In order to visualize the model we need to save the scatterplot of rooms versus home values to a variable I'll call `fig`. We'll also need to import a new plotly module: `plotly.graph_objects as go`. This will allow us to add our linear model on top of it later, but our scatterplot will not display untill we tell it to. This is fine.

In [None]:
import plotly.graph_objects as go
#make our predictions:
y=model.predict(X)
#creating the same scatterplot as above
fig=px.scatter(boston,
           x='RM',
           y='MEDV',
           title='Boston Home Values in 1978',
           labels={
               'RM': 'Average number of rooms',
               'MEDV': 'Median home value ($1,000s)'
           })

# add the linear model on top using go.Scatter():
fig.add_trace(go.Scatter(x=boston['RM'],y=y,name='model'))

## Assignment
Look at the dataset found at 
```
'https://raw.githubusercontent.com/SkyIslandsMath/semester-2/master/data/sea-level.csv'
```
This shows the change in ocean sea level relative to 1880. 
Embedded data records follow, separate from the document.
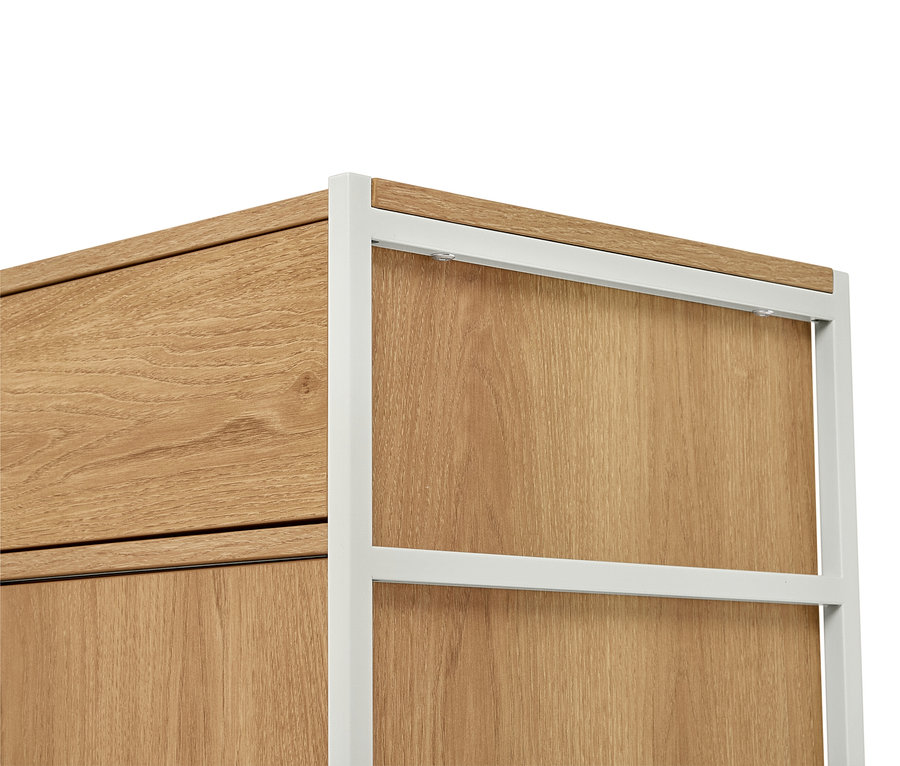 Nahaufnahme eines Regals mit hellem Holzfurnier und einem weißen Metallrahmen.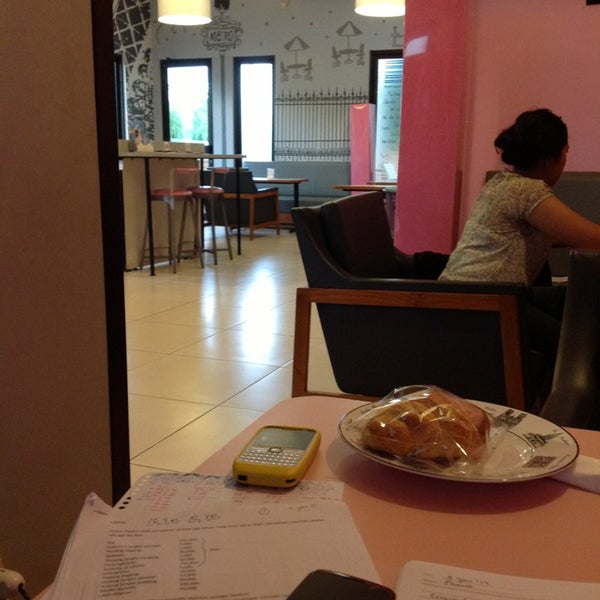 Paris Bakery Cafe Lounge Yogyakarta Di Yogyakarta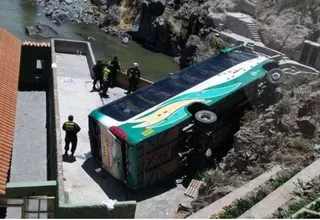 Valle del Colca: una persona fallece y otras 21 quedan heridas tras caída de bus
1. Load and look at your data.
2. Plot the data with the year on the x-axis and the sea level on the y-axis.
3. Is there a correlation? What is the correlation coefficient? What does this coefficient mean?
4. Use statsmodels to make a linear model of the data.
5. Print out the summary of the model. What do the coefficients mean?
6. Graph the data points and the model of the data. How does it look?
7. According to this model, what will the sea level be in 2030?